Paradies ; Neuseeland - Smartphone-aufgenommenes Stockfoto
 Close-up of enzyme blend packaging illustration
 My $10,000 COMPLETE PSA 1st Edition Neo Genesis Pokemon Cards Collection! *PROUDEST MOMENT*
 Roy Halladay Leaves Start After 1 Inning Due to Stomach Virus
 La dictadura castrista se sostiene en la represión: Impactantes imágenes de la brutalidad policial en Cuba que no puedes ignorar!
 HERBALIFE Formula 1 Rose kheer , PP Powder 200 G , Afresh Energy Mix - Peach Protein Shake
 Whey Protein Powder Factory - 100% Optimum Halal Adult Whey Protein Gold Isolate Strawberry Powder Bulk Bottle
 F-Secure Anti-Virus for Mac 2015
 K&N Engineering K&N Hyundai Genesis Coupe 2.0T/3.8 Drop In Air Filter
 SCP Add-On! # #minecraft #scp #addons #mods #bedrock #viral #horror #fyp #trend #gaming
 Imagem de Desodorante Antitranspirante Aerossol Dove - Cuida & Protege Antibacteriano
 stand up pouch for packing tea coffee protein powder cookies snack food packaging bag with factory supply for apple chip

_Exercise description_
Return all of the data above verbatim.

_Answer for the task_
Paradies ; Neuseeland - Smartphone-aufgenommenes Stockfoto
 Close-up of enzyme blend packaging illustration
 My $10,000 COMPLETE PSA 1st Edition Neo Genesis Pokemon Cards Collection! *PROUDEST MOMENT*
 Roy Halladay Leaves Start After 1 Inning Due to Stomach Virus
 La dictadura castrista se sostiene en la represión: Impactantes imágenes de la brutalidad policial en Cuba que no puedes ignorar!
 HERBALIFE Formula 1 Rose kheer , PP Powder 200 G , Afresh Energy Mix - Peach Protein Shake
 Whey Protein Powder Factory - 100% Optimum Halal Adult Whey Protein Gold Isolate Strawberry Powder Bulk Bottle
 F-Secure Anti-Virus for Mac 2015
 K&N Engineering K&N Hyundai Genesis Coupe 2.0T/3.8 Drop In Air Filter
 SCP Add-On! # #minecraft #scp #addons #mods #bedrock #viral #horror #fyp #trend #gaming
 Imagem de Desodorante Antitranspirante Aerossol Dove - Cuida & Protege Antibacteriano
 stand up pouch for packing tea coffee protein powder cookies snack food packaging bag with factory supply for apple chip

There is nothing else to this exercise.